One could expect a similar situation to happen in the context of Quantum Gravity. (We assume here that the fundamental theory behind gravity is obtained by quantization of the relevant degrees of freedom. This assumption could be wrong if the quantum theory is per se an emergent notion too, see for instance [9] and references therein.) Einstein equations could be the analogue of some type of hydrodynamic equations. Even if a Quantum Gravity theory was fully available, the derivation of Einstein equations from the fundamental equations of Quantum Gravity would then be something extremely nontrivial, such as in the case of water for example. Moreover, this would indicate also that the fundamental Quantum Gravity theory has probably nothing to do with (quantum) geometry. The latter—and its dynamics—would emerge only in some type of macroscopic limit.

In fact, there exist various models, called “analogue models for gravity”, where a Lorentzian metric appears in a suitable regime, even though at the fundamental level this geometrical structure is absent [10]. A well studied example is again the Bose–Einstein condensate, where it was shown that phonons, in some regime, propagate in some (curved) Lorentzian geometry. In this sense, the Lorentzian geometry is emerging: it is not a description of the fundamental physics, it is only a valid description of the physics in a given regime, for some degrees of freedom.

Phonons are interpreted as (massless) matter in this model. When the condensation has occurred (that is the number N of atoms is large), the phonon can be considered as a perturbation around the condensate. In this sense, perturbations can be seen as coming from some large N limit and can encode merging degrees of freedom.

These analog models provide therefore some interesting examples where both matter and the metric do emerge. Unfortunately, there is a priori no known construction to obtain the Einstein equations, encoding the dynamics for the metric (albeit in a Bose–Einstein condensate it is possible to recover in some limit a Newtonian-like dynamics for the background [11]).

Although still incomplete, these models provide some interesting relationships between geometrical structures and condensed matter systems illustrating the concept of emergence. There are also some striking relationships of Gravity with thermodynamics (i.e., again some large N limit). We can cite for example the well-known black hole thermodynamics or the derivation of the Einstein equations from a thermodynamical state equation by Jacobson [12]. These results indicate that General Relativity could be an emergent theory, arising from some nontrivial large N limit from a Quantum Gravity theory that does not have to be necessarily related to the notion of geometry.
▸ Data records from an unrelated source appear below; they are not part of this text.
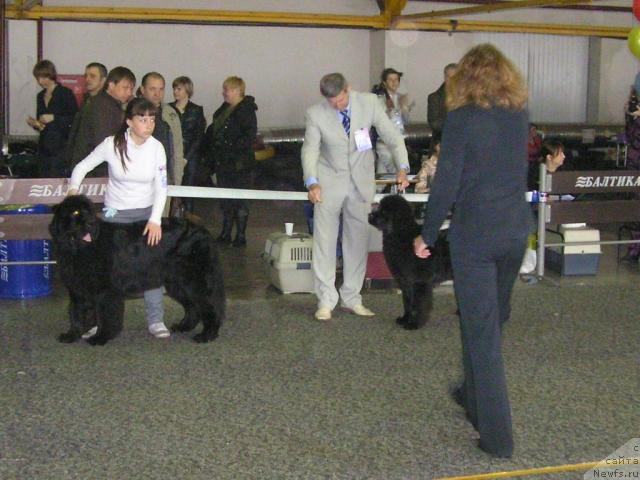 Фотография № 26151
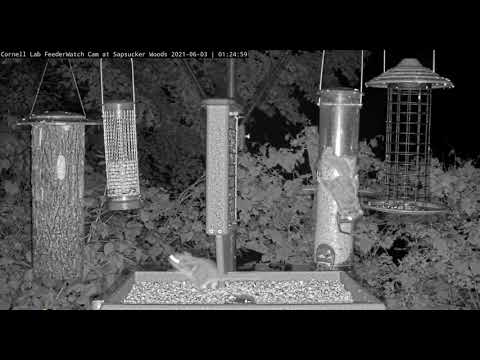 Flying squirrels switch places              01 24 55 6 3 21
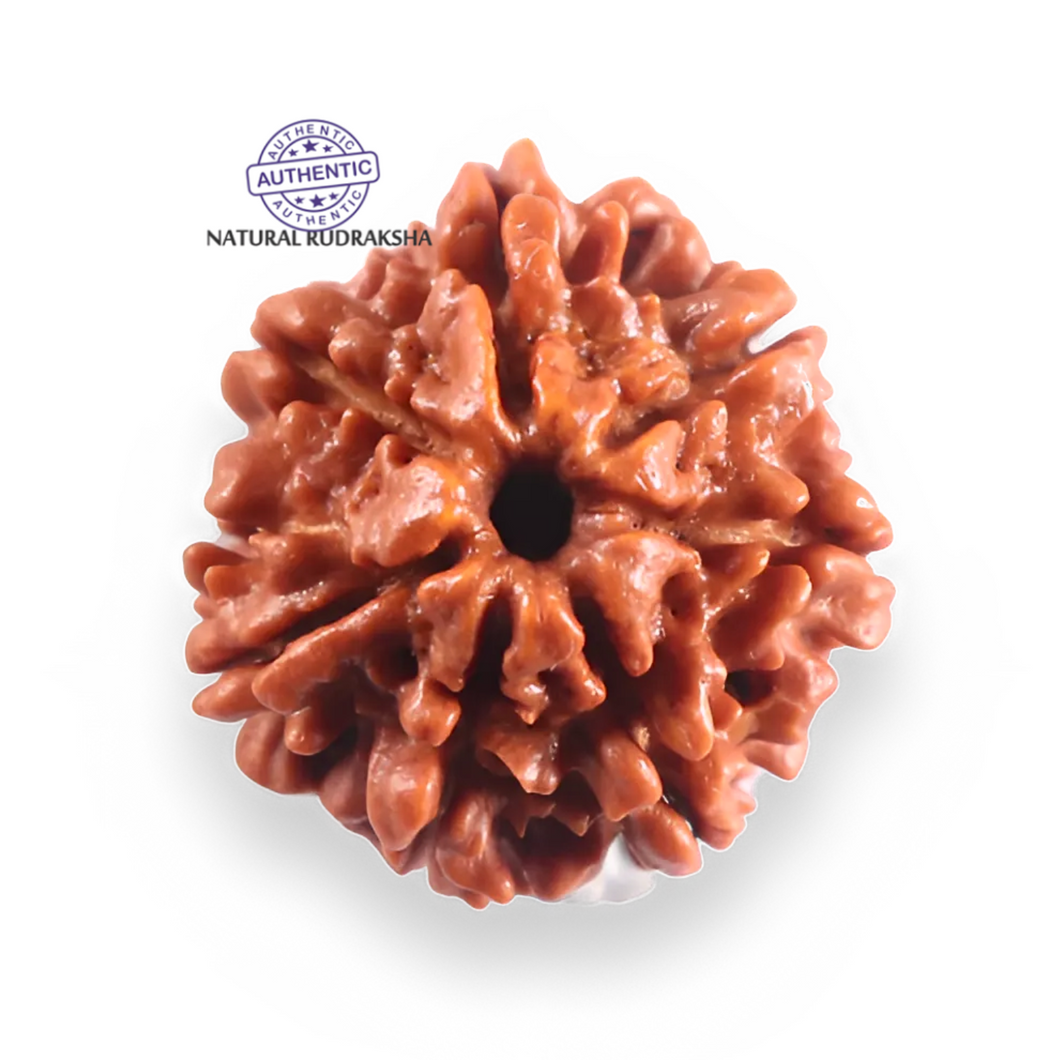 7 Mukhi Nepalese Rudraksha - Bead No 128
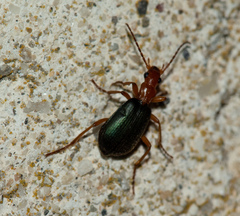 Brachinus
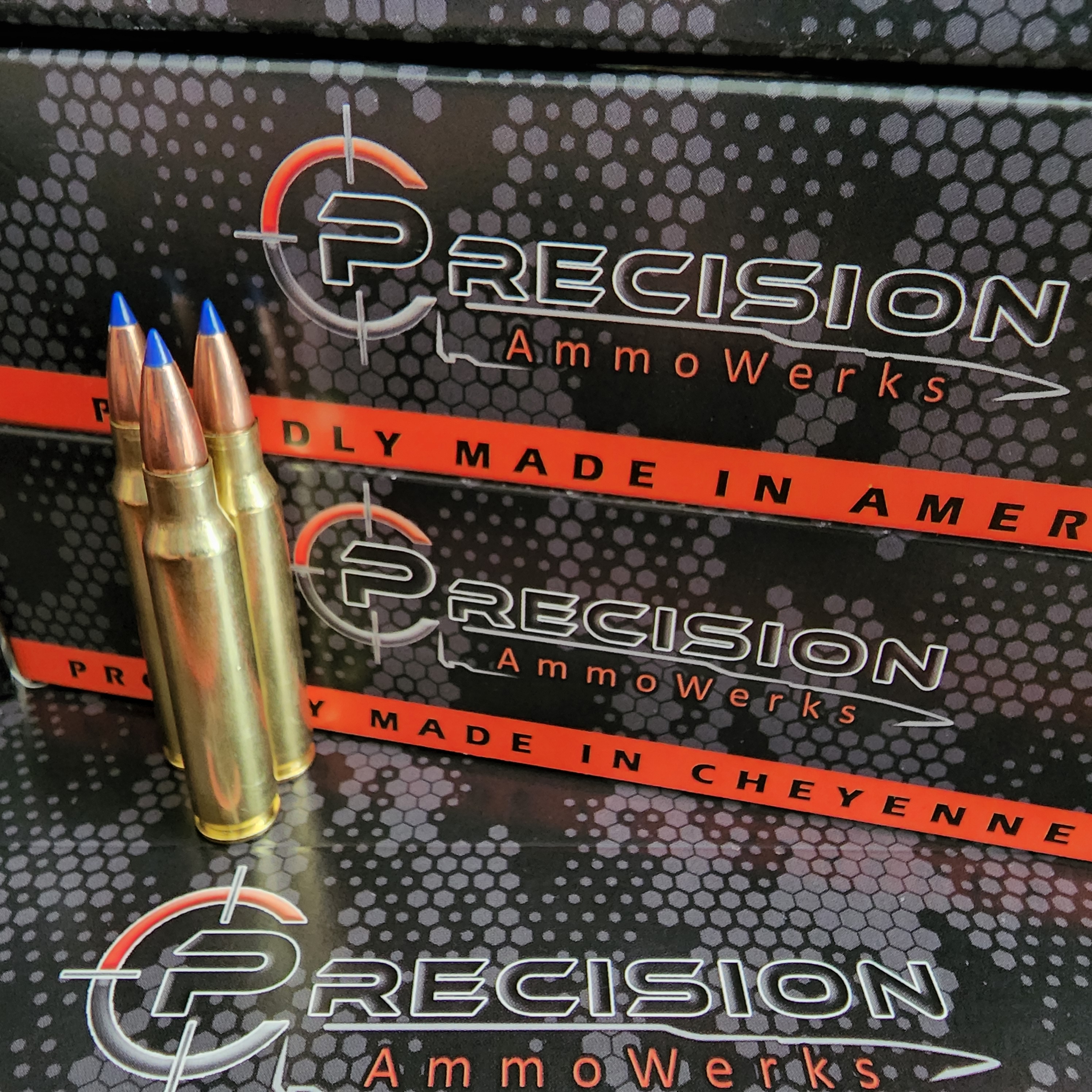 223 Remington 62gr TTSX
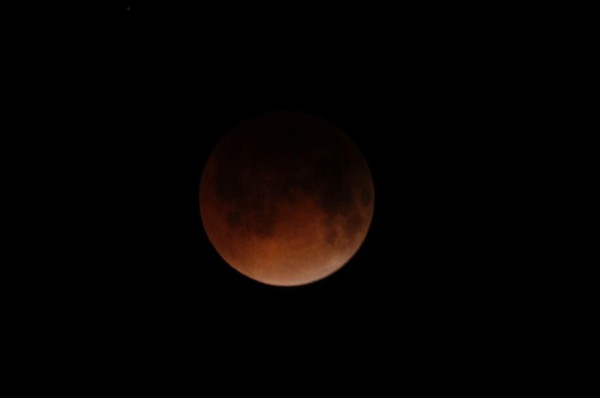 Por cuatro horas, el mundo se maravilló viendo al cielo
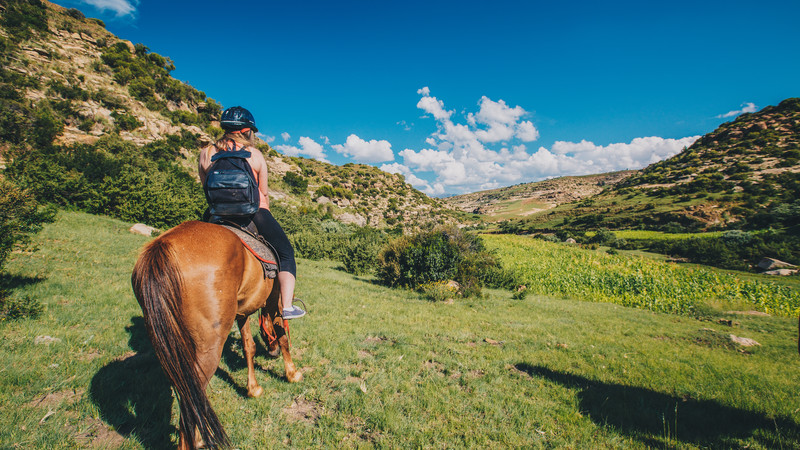 Riding horses in Lesotho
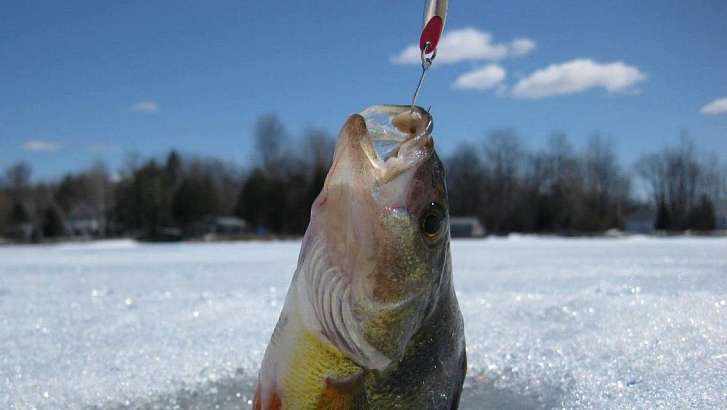 В Орле пройдет турнир по рыболовному спорту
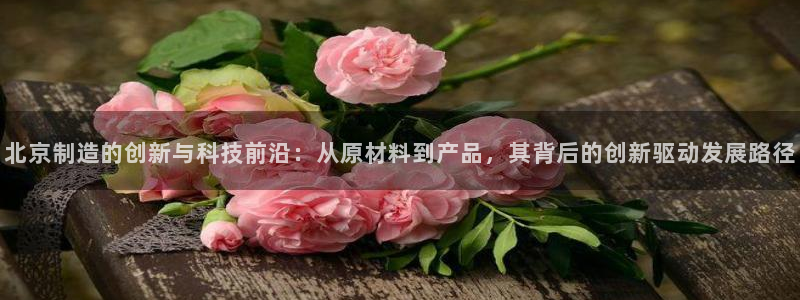 德国意昂3集团：北京制造的创新与科技前沿：从原材料到产品，其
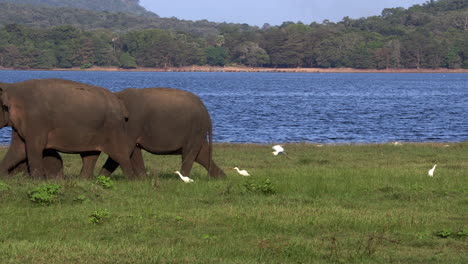 Wild-elephants-eating-grass,-Hurulu-Eco-Park,-Sri-Lanka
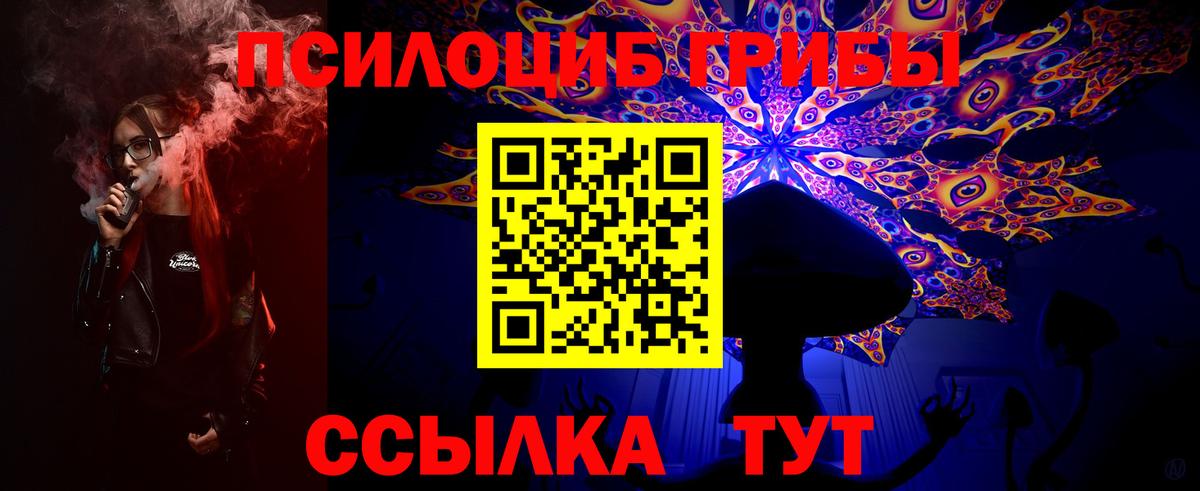 Псилоцибиновые грибы Psilocybe  Туймазы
The most developed Quantum Gravity theories at this stage are String theory and Loop/Spinfoam quantum gravity. The first considers roughly that the fundamental degrees of freedom describing gravity are encoded in a string. In this sense, this could be considered as an example of emergent gravity since the macrophysics (General Relativity) is very different from the microphysics (string physics). The Loop/Spinfoam approach consists of a direct (canonical or by path integral) quantization of General Relativity using a non-metric formulation. In this context, it is clearly assumed that the fundamental Quantum Gravity theory is about quantum geometry. (There are recent results corroborating this approach where discretized gravity is obtained after a semi-classical limit from some spin foam amplitude [13]. Note however that there are also some proposals to obtain General Relativity as some large (thermodynamical/statistical) N limit from spin foams encoded in some type of (Group) Field theory [14].) We are however interested to know if the features describing time that we listed in the previous section are really fundamental, i.e., associated to the fundamental Quantum Gravity theory. In both Quantum Gravity theories mentioned above, the signature is, in general, a background structure that is not dynamical. Hence, following the above discussion, these are theories with a built-in time notion which at most can resolve the above mentioned paradoxes in GR by forbidding them rather that replacing or eliminating the notion of time. As previously said, our aim here is different in the sense that we shall show instead that signature and a diffeomorphisms invariant theory of gravitation can both be emergent concepts, not built in the fundamental theory.

## 3. A Toy-Model

In the following toy-model [15], we shall consider, largely following the intuition gained from condensed matter analogues of gravity [10], the possibility that Lorentzian dynamics can emerge as a property of the equations associated to perturbations around some solutions of the equations of motion. These perturbations will be associated to the emergent gravity and matter degrees of freedom which will characterize our gravitational dynamics.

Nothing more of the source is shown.